In the space provided here, discuss what you have learned in this course and choose 2-4 of our course learning objectives, describing each objective and referring specifically to particular passages from your coursework that demonstrate your progress towards and/or struggles with that objective. Indicate why you have chosen those objectives as the most important for you. Cut and paste specific portions of your coursework, and use them as evidence for your argument. In this way, by having an introduction, argument, evidence, and conclusion, your “portfolio cover letter” will both discuss and demonstrate how effectively you have achieved the goals of the course. When referring to your work, indicate clearly the piece of writing (i.e., Project 3) and page number(s) for your readers’ ease of reference.
Length: ~500-750 words
Dear Sir / Madam
reflecting on the course work and the objectives of the course “English Composition I: Achieving Expertise” I was truly surprised to discover my strengths as well as my weaknesses concerning various aspects of writing within 12 weeks time alone. I also immersed myself in the field of video games as an expertise referencing point, making this a pleasurable writing and researching journey.
Concerning the academic writing aspect – coming from Europe – I was accustomed to the APA citation format; However, I came to find that MLA referencing is much more suitable for the humanities field and to be honest it is now my personal favourite when it comes to submitting a paper in academia. I was also intrigued by some new kinds of formatting, for instance, when writing a critical review (the book reviewed goes at the beginning of the essay, something I wasn’t aware of.) Example [Final Project 1, page 1]:
Review: Coyle, Daniel (2009). The Sweet Spot. The Talent Code. Greatness Isn’t Born. It’s Grown. Here’s How. New York: Bantam (Extract from Chapter I)
Greatness and its shortcomings…
…Along with the brief descriptions of his endeavor that took him on what his daughter compares to an alternative “treasure hunt” , readers of his work actually come to realize that perhaps the term “talent” is highly overrated; perhaps it does exist in terms of a being prone to a grandeur in certain fields – mainly athletic – but it should be more properly substituted by the term “deep practice” …
Regarding the stages of the writing process I have learned to value the ongoing collaborative annotated bibliography listings in the forums, pertaining to various fields of expertise. Answering the initial post of a fellow Courserian who created the thread “games”, I personally contributed four titles on the video game genre. Sample contribution:
Bainbridge, William Sims. The Warcraft Civilization: Social Science in a Virtual World. London: MIT Press. 2010. Print.
…Bainbridge’s review of the game derives – as the title so hints – from a social perspective, but what he means by that is highly contestable. Sociology is one thing, attempting an explanation of the WoW social universe is a complete other. The book is divided into small chapters, each focusing on separate elements of the game such as religion or cooperation. The introductory roleplaying story lines are intuitive and strongly supported by lore details. After each one, an explicatory section ensues, where things are theoretically approached. The author often gives the impression of an outsider rather than an actual WoW gamer, since his lack of understanding how the game community actually works in non – lorewise manner is baffling….

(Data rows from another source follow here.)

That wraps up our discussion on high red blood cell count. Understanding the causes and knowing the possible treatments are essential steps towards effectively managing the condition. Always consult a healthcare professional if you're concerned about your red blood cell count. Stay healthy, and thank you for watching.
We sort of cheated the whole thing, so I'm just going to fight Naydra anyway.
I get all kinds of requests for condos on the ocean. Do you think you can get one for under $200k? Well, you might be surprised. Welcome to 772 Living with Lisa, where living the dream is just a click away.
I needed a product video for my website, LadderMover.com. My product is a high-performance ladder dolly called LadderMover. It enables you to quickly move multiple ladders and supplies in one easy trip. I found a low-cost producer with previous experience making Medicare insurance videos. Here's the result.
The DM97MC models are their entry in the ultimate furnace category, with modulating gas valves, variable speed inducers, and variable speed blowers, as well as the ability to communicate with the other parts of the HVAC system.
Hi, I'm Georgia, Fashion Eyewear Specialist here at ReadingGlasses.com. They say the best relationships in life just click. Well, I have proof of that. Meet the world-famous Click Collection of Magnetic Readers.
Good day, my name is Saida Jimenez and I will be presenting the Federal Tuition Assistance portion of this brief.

Finally it should be noted that after 4 drafts, 4 final projects, peer assessment, and ongoing forum discussions at the platform as well as the Facebook group I was able to further understand how to properly summarize, analyze, question, and evaluate written and visual texts. Especially the latter received great praise from my peers [project 2, pages 1- 2]
…An illuminated sword stands out in front of him, filled with ominous skull details; seven runes etched across the blade form a death curse, still not deciphered to this day. As all epic swords usually do, this one has even got a name: Frostmourne.  Shades of gray intervene with silvery notes as one is immersed in a daunting feeling almost like the dark values within the image; how many lives has that sword taken? For an outsider the horror continues as he notices plenty other skull ornaments in the main character’s armor. A dragon encapsulated in ice soon gains our attention in the bottom right, only to serve as another threat. In the background a barely perceptible black tower amidst the fog beckons (spatial illusion); alas, we are in Icecrown  – the land of the cursed undead…

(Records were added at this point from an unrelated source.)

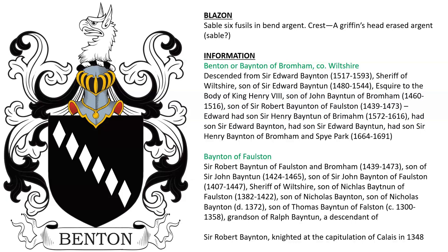Benton or Bainton of Bromham in County Wiltshire. They descended from Sir Edward Bainton, sheriff of Wiltshire, and the son of another Sir Edward Bainton, who was born in 1480 and was esquired to the body of King Henry VIII. It looks like they ultimately descended from Sir Robert Bainton of Falston, born 1438. One later member of the family was Sir Henry Bainton of Bromham and of Spye Park, born in 1664. Also born by the Baintons of Falston — Sir Robert Bainton of Falston and Bromham, son of Sir John Bainton, who descended from Ralph Bainton. It was born by Sir Robert Bainton, who was knighted at the capitulation of Calais in France in 1348.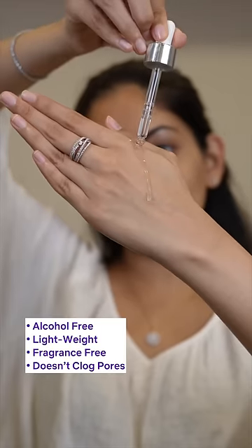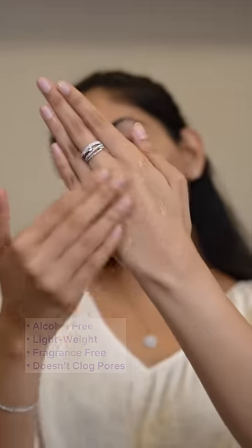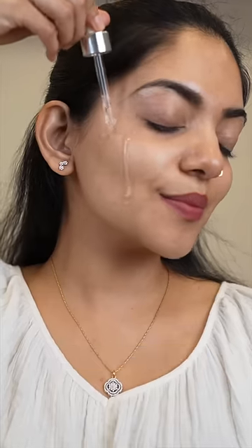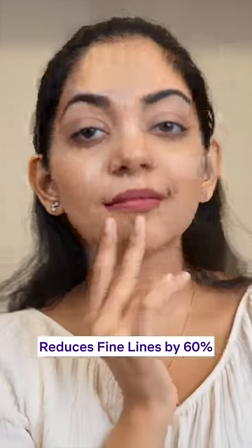It's alcohol-free and lightweight, so it doesn't clog pores. It's also fragrance-free, making it ideal for even the most sensitive skin. That's why it's dermatologically validated to reduce fine lines by 60%.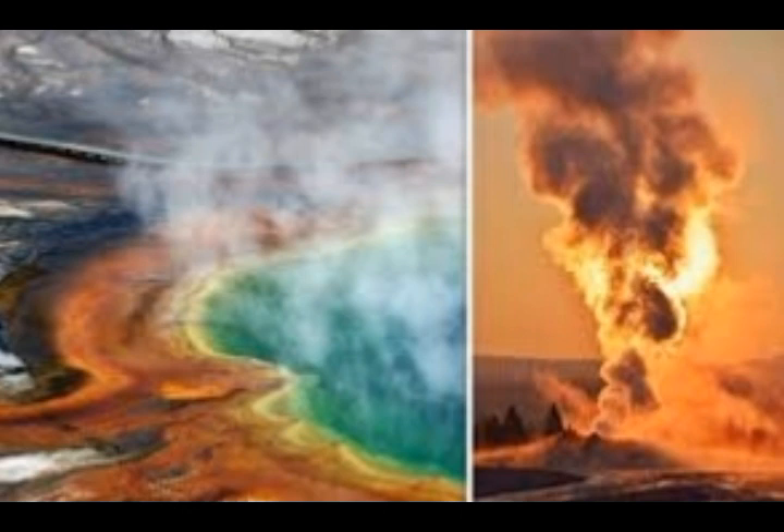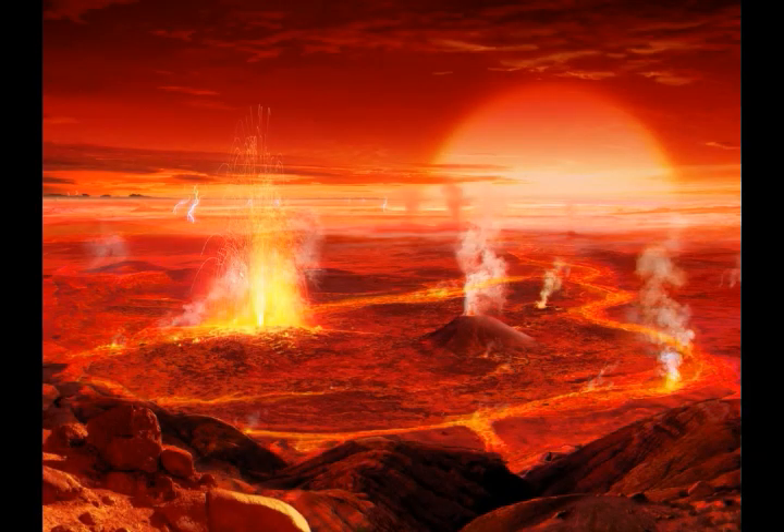Liu said more importantly, this work will give us a better understanding of some of the mysterious processes deep within the Earth under Yellowstone, which will help us better understand the consequences of plate tectonics, including the mechanisms of earthquakes and volcanoes.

Project 3, the case study, required transferring and applying one’s writing knowledge to other writing occasions and it involved quite a bit of research. Project 4, the Op Ed, called for a somewhat journalistic style, reminding course participants how important it is to recognize audience and disciplinary expectations as well as establishing your own voice.

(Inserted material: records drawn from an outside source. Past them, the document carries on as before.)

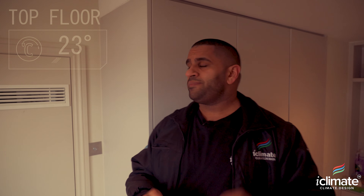Hey guys, Adam from iClimate. I'm outside my client's amazing family home in London — it's winter and freezing out here, but thank god the aircon heats, so let's go inside and get warm.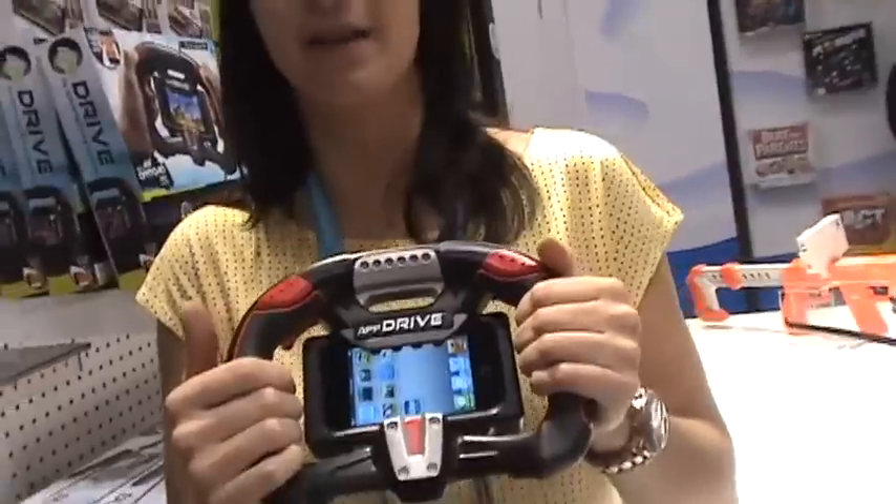It doesn't need any batteries — it's powered by the device you use, leveraging all the features of your iPhone to make it a great value. Additionally, aside from Appfinity's own apps, other apps that rely on the accelerometer and aren't made by their company can also be used. They don't develop any apps themselves — they work with partners that are great at what they do and focus on the toy experience.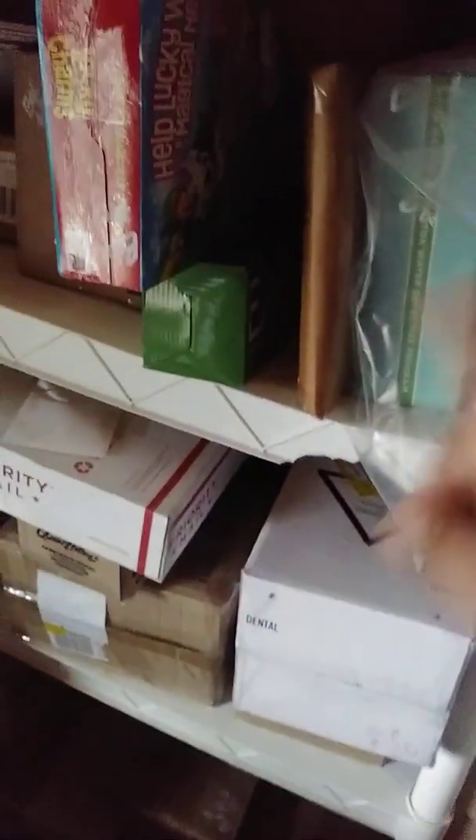The bigger boxes go in between the shelves, as you can see. Anything small or medium goes on the shelf. What I did was go through each box to check it off on the sheet of paper. For example, this is box number three, this one is box 22, box 10, box 13.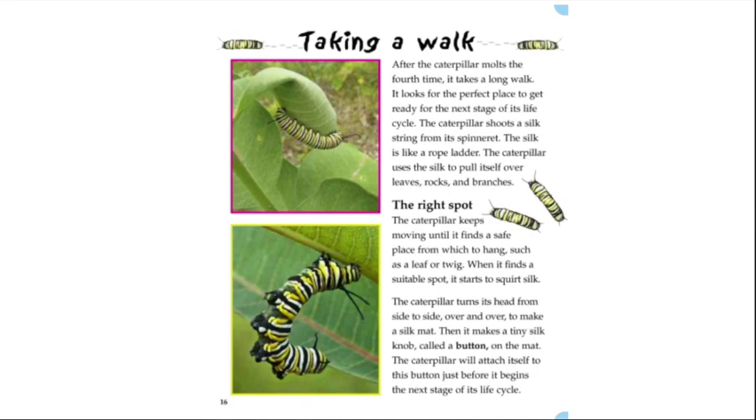After the caterpillar molts the fourth time, it takes a long walk, looking for the perfect place to get ready for the next stage of its life cycle. The caterpillar shoots a silk string from its spinneret — the silk is like a rope ladder that the caterpillar uses to pull itself over leaves, rocks, and branches. When it finds a suitable spot, such as a leaf or a twig, it turns its head from side to side to make a silk mat, then makes a tiny silk knob called a button on the mat.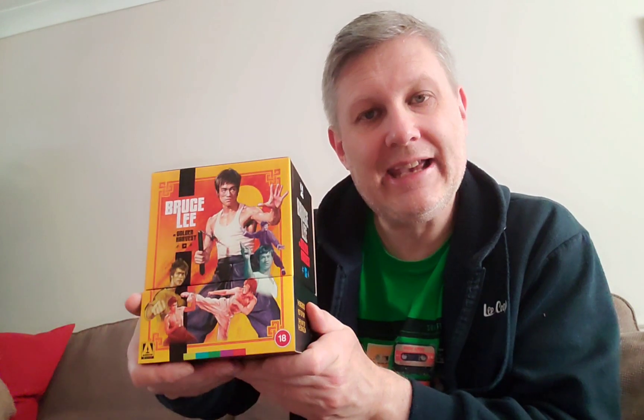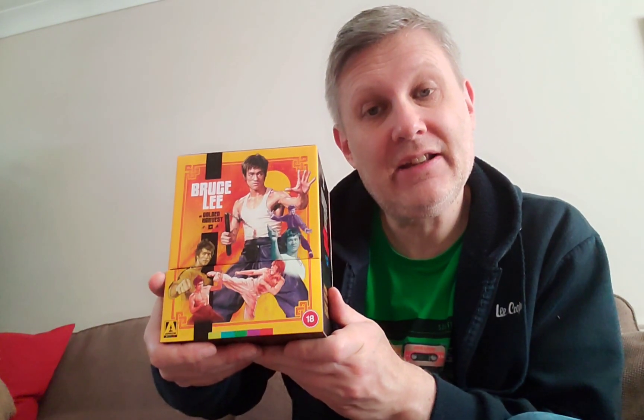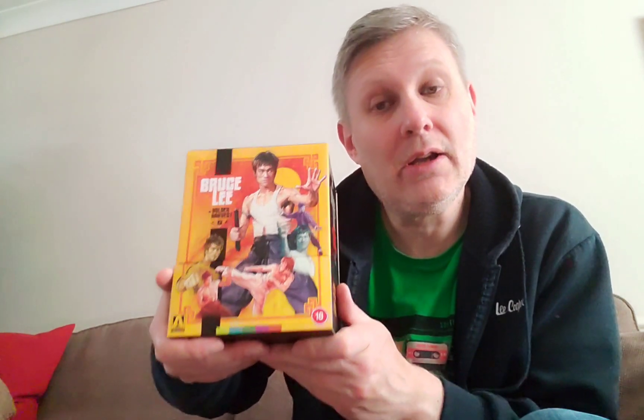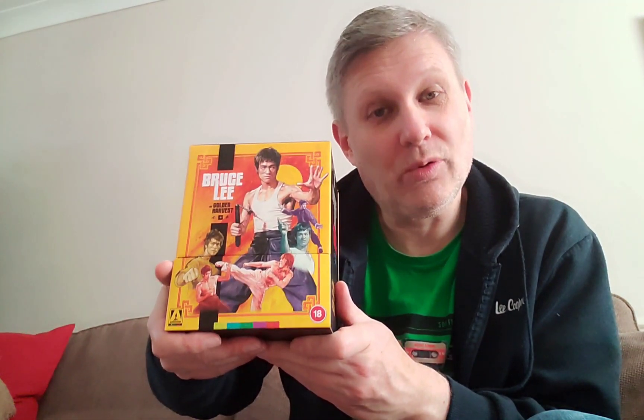There's some 5.1 on here, but it's not really about the sound with this box set — it's more about the restoration of the films, and they're the best they've ever looked. If you're a Bruce Lee fan, unfortunately this particular yellow box set isn't available anymore, but there is another box set probably still available, and they've now released the films individually in 4K. I would highly recommend the Arrow 4K versions of the Bruce Lee Golden Harvest films.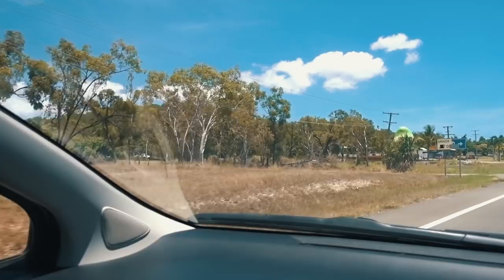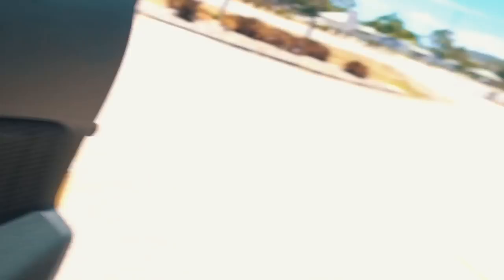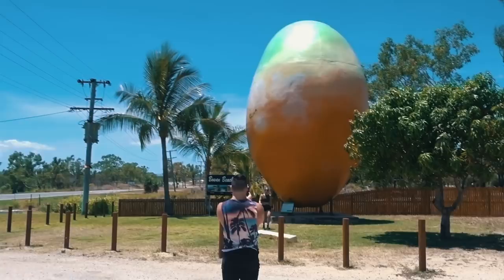Here it is, the moment we've all been waiting for. Ladies and gentlemen, it's the Big Mango! So in Australia we've got a couple of big fruit monuments. It's as strange as it sounds. There's the big pineapple, there's a big banana, I'm pretty sure there's a big something else. But this is the Big Mango — I've never seen it before. It's pretty big. Look at that thing!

…So, fellow gamers, what’s left for us upon this wretched planet of corporate conglomerate decisions and Kardashian saga overdose? Well, if you like first / third person shooters and MMO RPGs you most likely skimmed through this text with a sardonic smile. You see there has been a gamer crowd out there who is not the least bit interested in consoles: the PC gamers… [ Project 4, page 1]
To sum up, these were 12 weeks of personal growth as a writer and as a reader, I might add. Still there is plenty more to be done, as the writing process is ongoing.